Commission staff had recommended the commissioners reject any price above $9 billion, beyond which customers will not benefit. Instead, commissioners approved Georgia Power’s full revised cost estimate, minus money already received from the bankrupt contractor’s parent company, Toshiba. Importantly, customers would benefit from this Toshiba money whether or not the project goes forward. This newly approved price tag is approximately $1.5 billion more than staff’s break-even point.

SELC's Kurt Ebersback testifies against Vogtle cost increases before the Public Service Commission

Worse, the PSC, in a move prodded by Georgia Power, said these additional costs are “reasonable.” That means customers will most likely shoulder the entire burden of risk for this over-budget, off-schedule mega project. Already, Plant Vogtle is five years behind schedule and double the original price tag.

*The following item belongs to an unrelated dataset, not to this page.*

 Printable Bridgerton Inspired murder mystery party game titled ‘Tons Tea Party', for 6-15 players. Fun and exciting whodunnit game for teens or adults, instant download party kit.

“Most people have to pay for their mistakes, but Georgia Power is still profiting from theirs,” said Senior Attorney Kurt Ebersbach. “There’s something wrong with a system that rewards this kind of failure.”

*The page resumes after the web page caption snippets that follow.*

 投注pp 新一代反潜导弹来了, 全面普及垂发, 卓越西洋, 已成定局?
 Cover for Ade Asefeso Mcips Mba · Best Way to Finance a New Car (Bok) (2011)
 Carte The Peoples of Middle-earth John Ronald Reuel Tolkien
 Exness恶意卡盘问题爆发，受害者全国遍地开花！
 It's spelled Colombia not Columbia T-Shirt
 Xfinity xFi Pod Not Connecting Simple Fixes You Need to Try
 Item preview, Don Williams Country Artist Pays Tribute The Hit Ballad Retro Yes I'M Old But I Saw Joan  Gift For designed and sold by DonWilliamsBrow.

The PSC’s vote protects Georgia Power’s shareholders instead of customers, even with its timing. The commission wasn’t scheduled to rule on the cost overruns and schedule delays until February but pushed decision-making up by 47 days.

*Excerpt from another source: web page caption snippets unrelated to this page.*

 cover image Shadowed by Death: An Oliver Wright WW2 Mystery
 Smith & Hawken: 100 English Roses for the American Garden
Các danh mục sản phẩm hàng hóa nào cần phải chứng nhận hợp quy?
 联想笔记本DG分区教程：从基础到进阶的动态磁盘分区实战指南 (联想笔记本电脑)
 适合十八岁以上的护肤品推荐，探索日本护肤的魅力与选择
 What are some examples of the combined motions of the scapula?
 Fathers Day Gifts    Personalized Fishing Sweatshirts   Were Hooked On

Project delays alone will add billions more to the company’s profit. Putting a dent in shareholders’ returns doesn’t lower the final construction bill that will be handed to customers. Additionally, residential customers will be paying for Vogtle for 10 years before the nuclear units ever produce energy—and will continue to pay higher bills for decades.

During proceedings on the rate case, SELC represented Partnership for Southern Equity and Georgia Interfaith Power & Light in petitioning for decisions that prioritize customers over shareholders.

“Even though customers had no control over Georgia Power’s mistakes, they’re going to be the ones footing the bill,” said Nathaniel Smith, Chief Equity Officer at Partnership for Southern Equity. “These impacts will be especially difficult on the most vulnerable Georgians who are already struggling to put food on the table.”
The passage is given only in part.